▸ How to complete this task: An exact repetition of every entry, with no images, is the required answer.

▸ Extracted records:

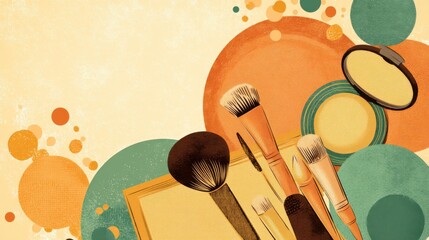 A colorful illustration featuring various makeup brushes and palettes against a vibrant background of circles and textures, makeup poster arts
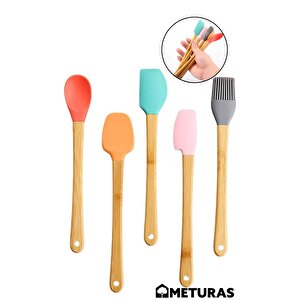Mutfak Bambu Silikon Isıya Dayanıklı Kaşık Kepçe Takımı 5 Li Set Renkli Renkli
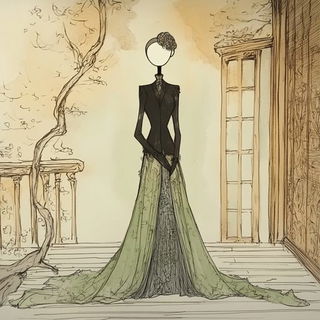 Cottagebaroque style, Midjourney V6.1: haute-couture fashion outfit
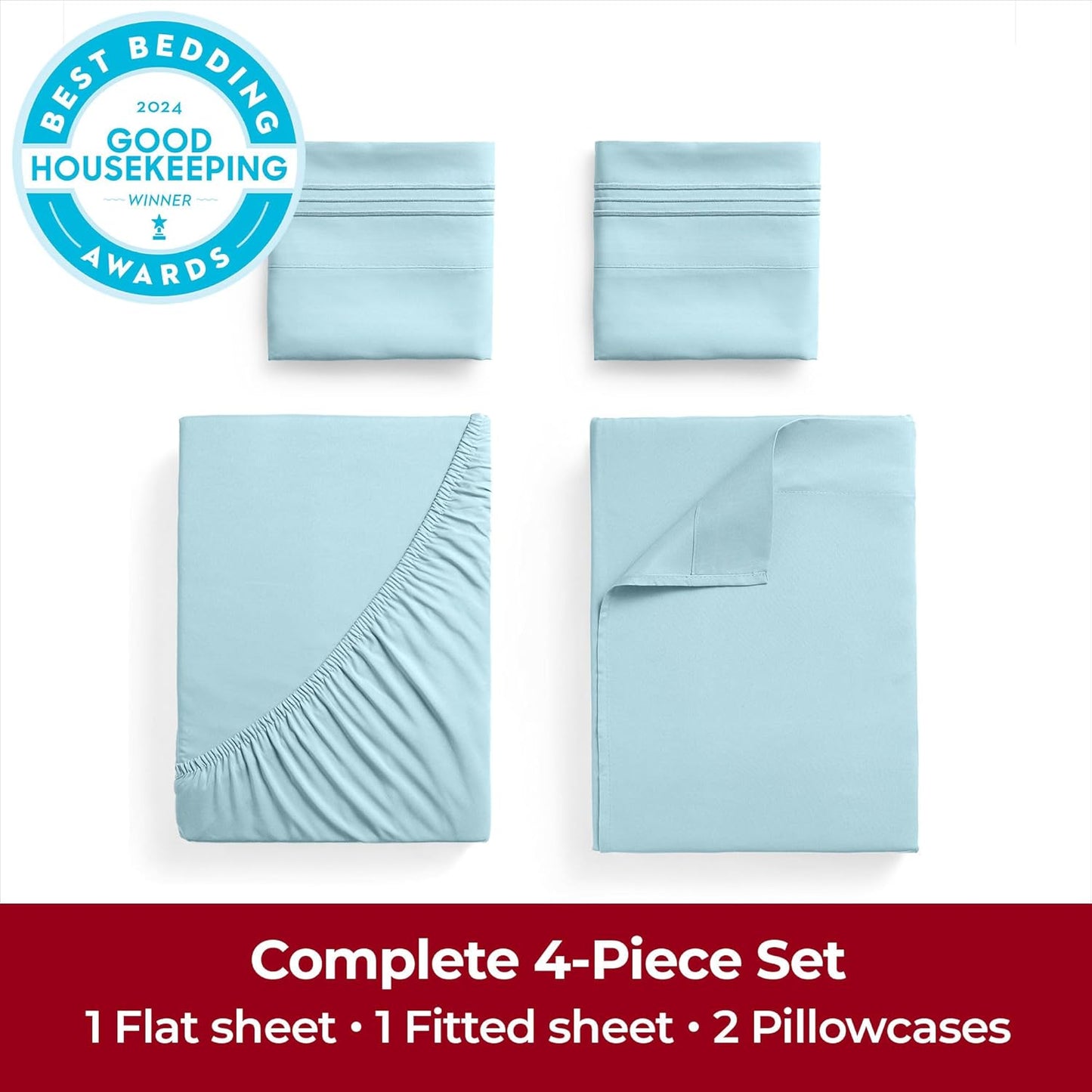 Mellanni Extra Deep California King Sheets - 4 PC Iconic Collection Bedding - Hotel Luxury, Ultra Soft, Cooling Bed Sheets - Wrinkle, Fade, Stain Resistant (Cal King, Aqua)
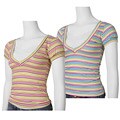 Finesse Candy Stripe Cap Sleeve V-neck Top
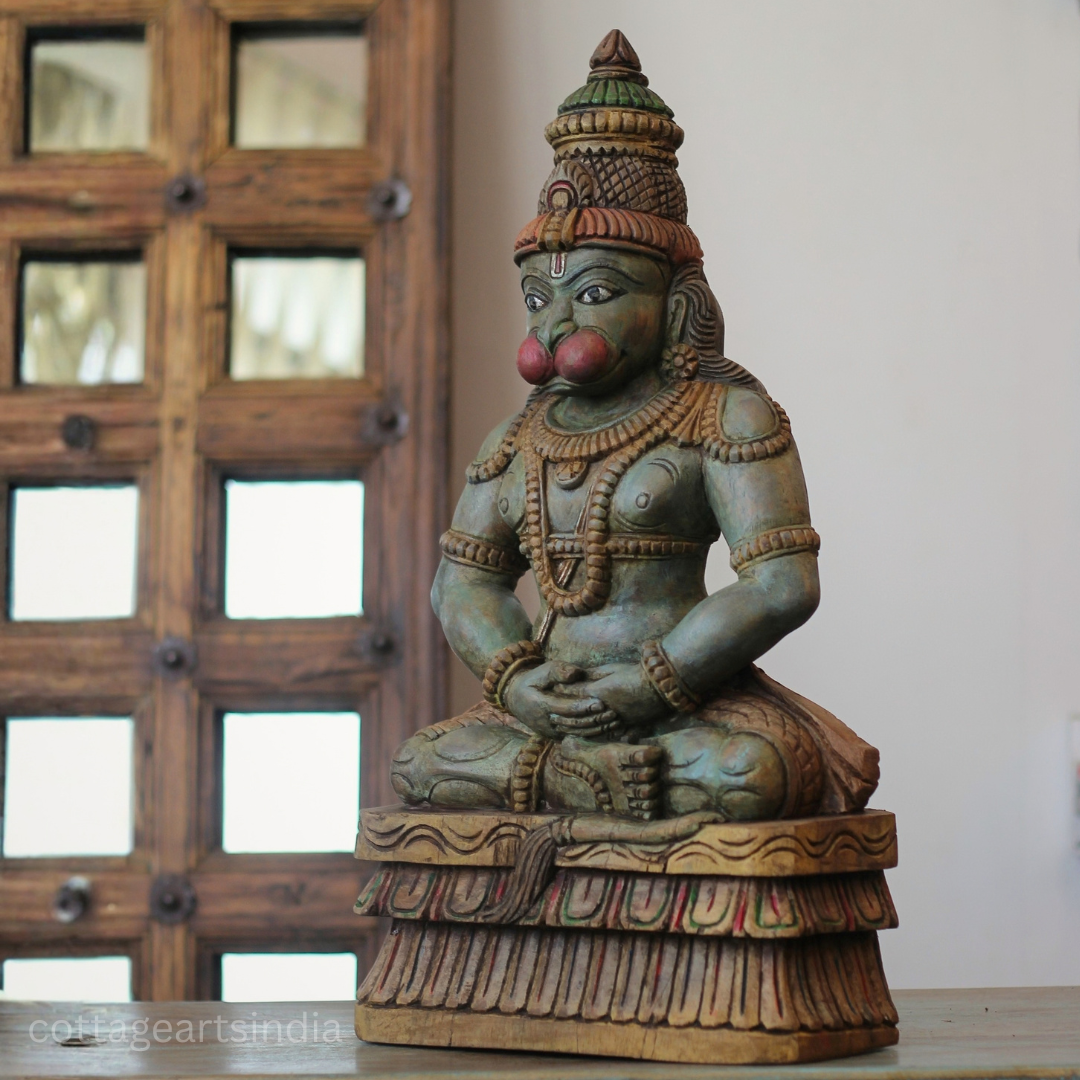 Handcrafted 23 " Wooden Hanuman in Meditative Posture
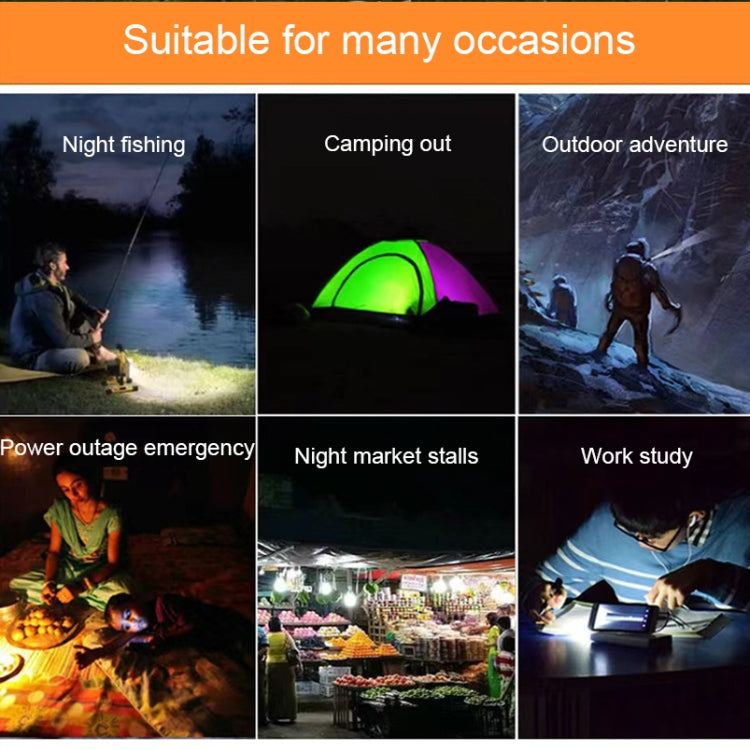 105 Solar Rechargeable LED Bulb Light Camping Light Emergency Light with Flashlight Function, White, Blue, Orange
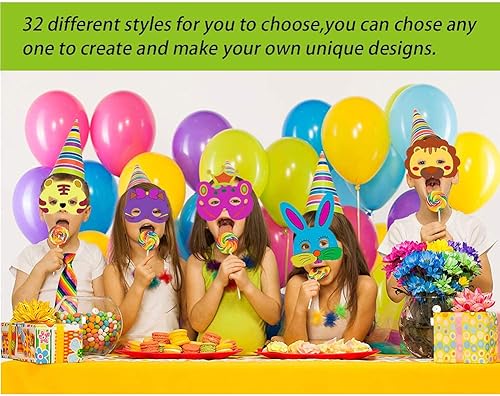 Miniatura 6 de 32 máscaras de animales de bricolaje para safari, selva, temática de animales, recuerdos de fiesta de cumpleaños, escuela, colorear, actividades de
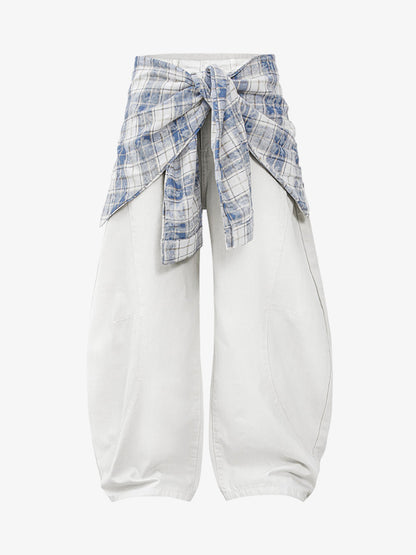 Stylish Wide-Leg Pants with Plaid Tie Belt - Perfect for Casual and Fashionable Looks 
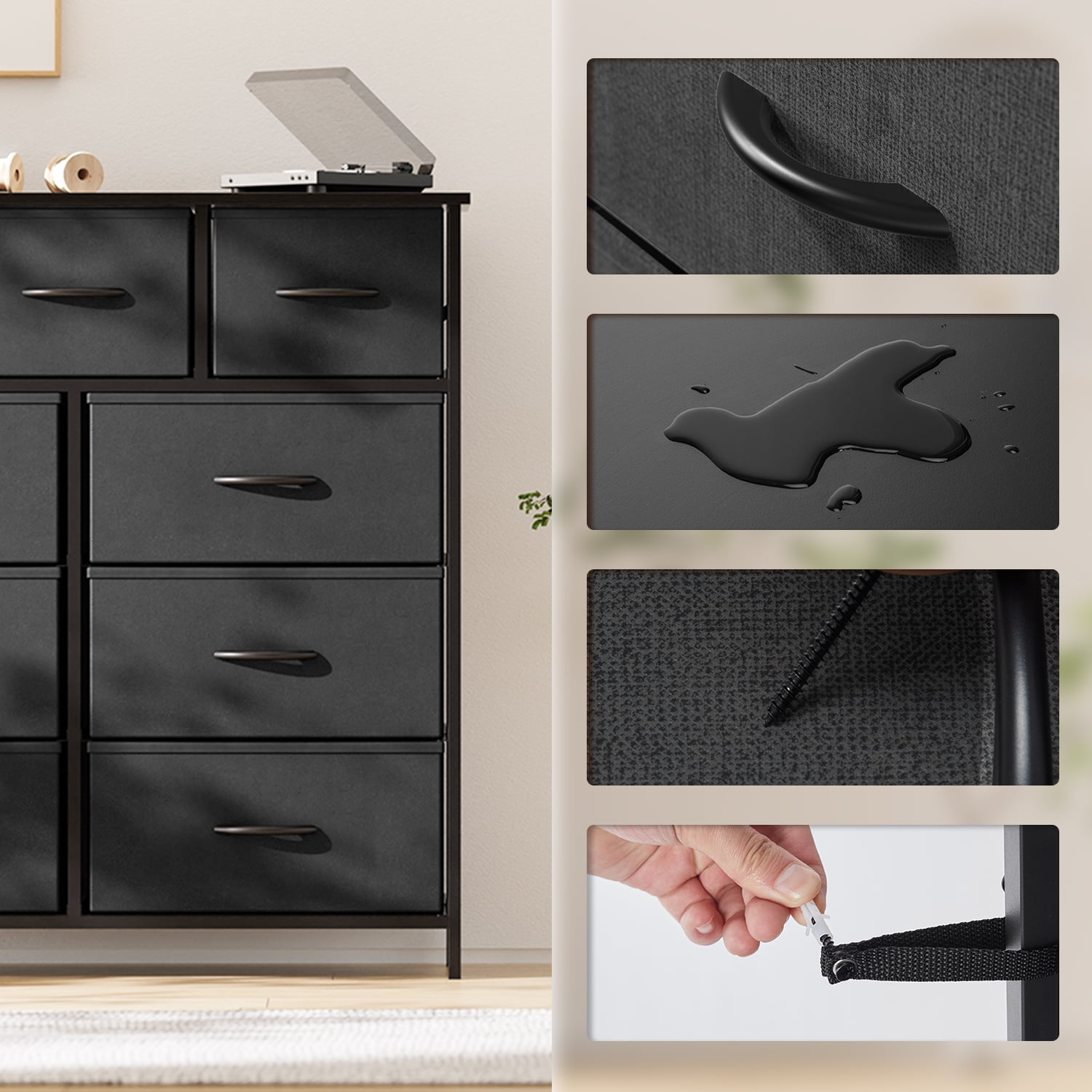 Yanming Cómoda de Tela con 9 cajones, Estructura de Acero y Tapa de Madera para Dormitorio, Armario, Entrada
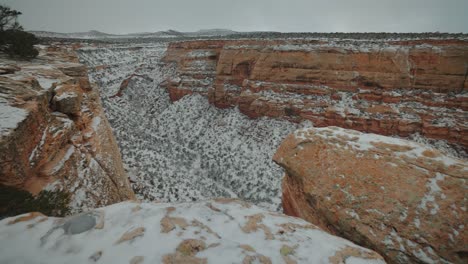 Eine-Tiefe-Wüstenschlucht-Im-Westen-Colorados-Während-Eines-Schneesturms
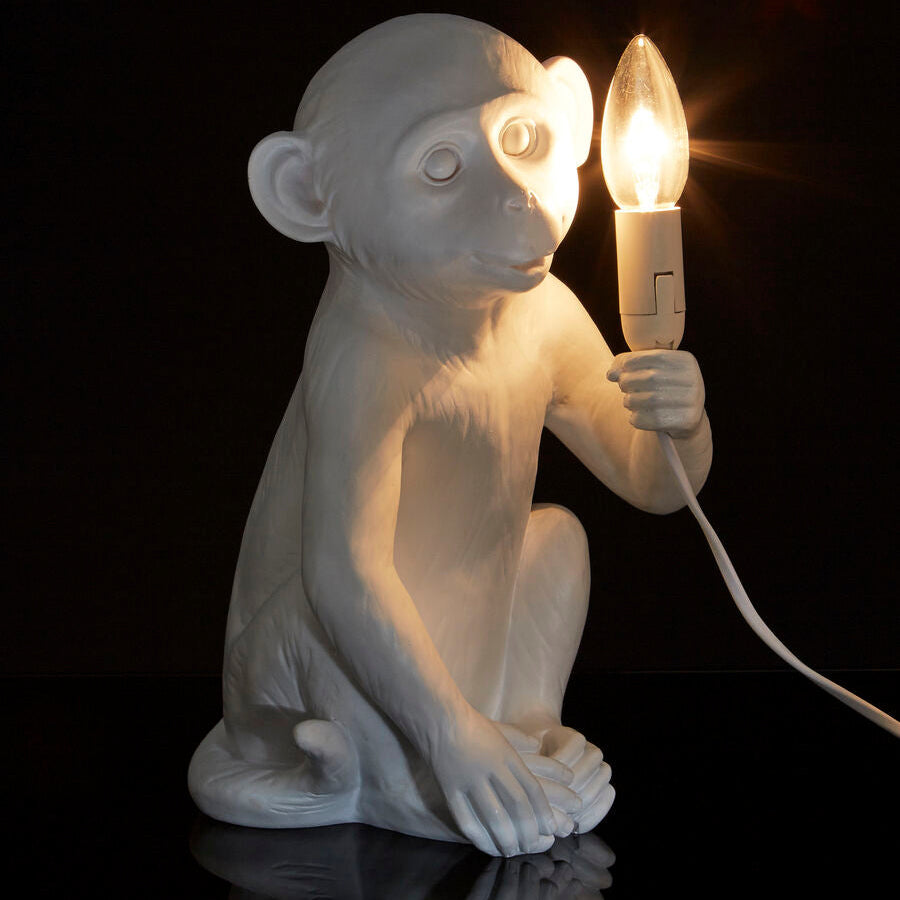 Orsina Monkey Table Lamp – Boho White Finish Animal Statement Decor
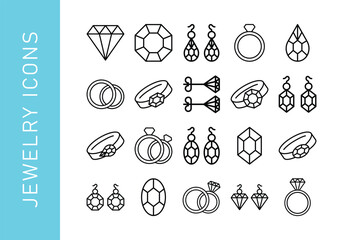 Jewelry icons. Set of 20 stylish minimal line icons. Includes ring, necklace, pendant, bracelet, and earrings. Perfect for web design, mobile apps, packaging, and branding. Vector illustration.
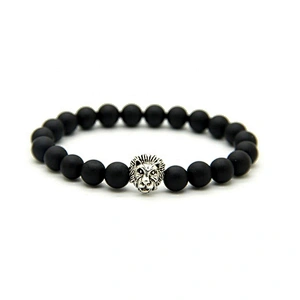 Stainless Steel Lion Head Clasp Bracelet, Men Beads Bracelet Accessories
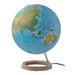 World globe with wooden base on a white background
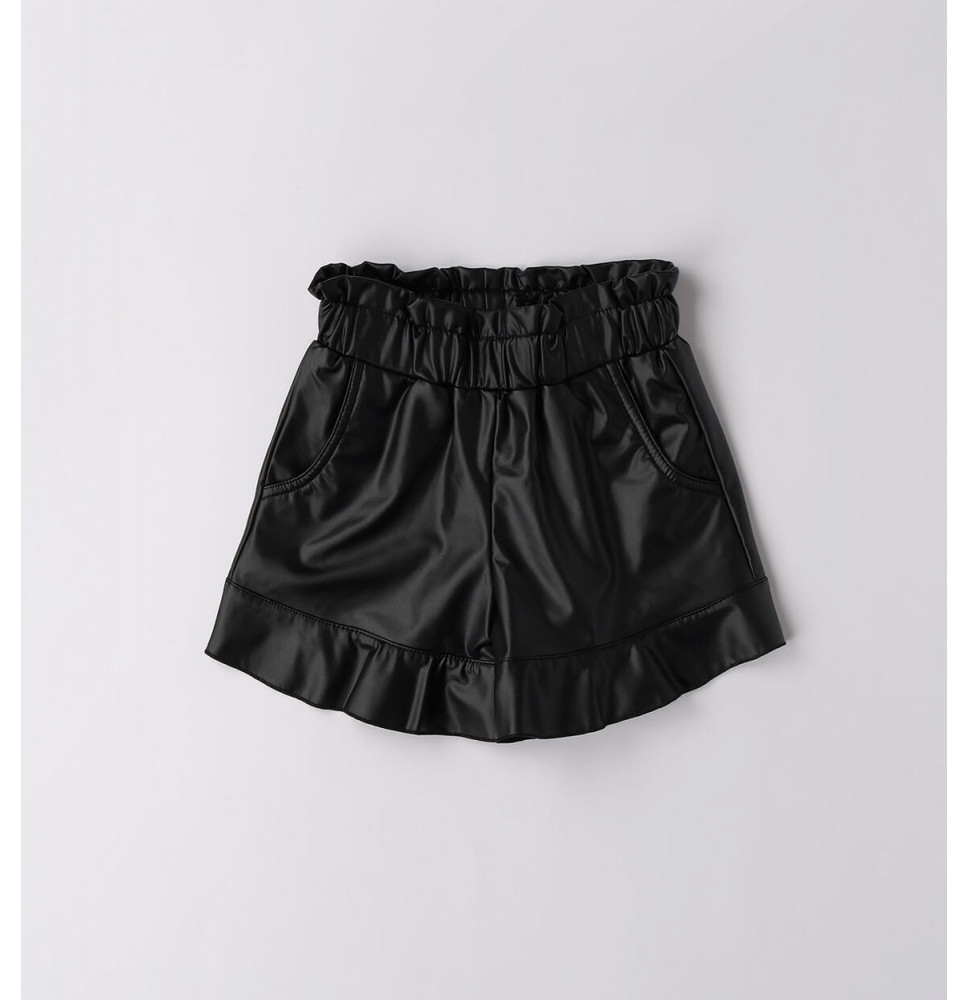 Pantaloncino di Pelle Sarabanda Bimba Nero F354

▸ Exercise output:
 A colorful illustration featuring various makeup brushes and palettes against a vibrant background of circles and textures, makeup poster arts
Mutfak Bambu Silikon Isıya Dayanıklı Kaşık Kepçe Takımı 5 Li Set Renkli Renkli
 Cottagebaroque style, Midjourney V6.1: haute-couture fashion outfit
 Mellanni Extra Deep California King Sheets - 4 PC Iconic Collection Bedding - Hotel Luxury, Ultra Soft, Cooling Bed Sheets - Wrinkle, Fade, Stain Resistant (Cal King, Aqua)
 Finesse Candy Stripe Cap Sleeve V-neck Top
 Handcrafted 23 " Wooden Hanuman in Meditative Posture
 105 Solar Rechargeable LED Bulb Light Camping Light Emergency Light with Flashlight Function, White, Blue, Orange
 Miniatura 6 de 32 máscaras de animales de bricolaje para safari, selva, temática de animales, recuerdos de fiesta de cumpleaños, escuela, colorear, actividades de
 Stylish Wide-Leg Pants with Plaid Tie Belt - Perfect for Casual and Fashionable Looks 
 Yanming Cómoda de Tela con 9 cajones, Estructura de Acero y Tapa de Madera para Dormitorio, Armario, Entrada
 Eine-Tiefe-Wüstenschlucht-Im-Westen-Colorados-Während-Eines-Schneesturms
 Orsina Monkey Table Lamp – Boho White Finish Animal Statement Decor
 Jewelry icons. Set of 20 stylish minimal line icons. Includes ring, necklace, pendant, bracelet, and earrings. Perfect for web design, mobile apps, packaging, and branding. Vector illustration.
 Stainless Steel Lion Head Clasp Bracelet, Men Beads Bracelet Accessories
 World globe with wooden base on a white background
 Pantaloncino di Pelle Sarabanda Bimba Nero F354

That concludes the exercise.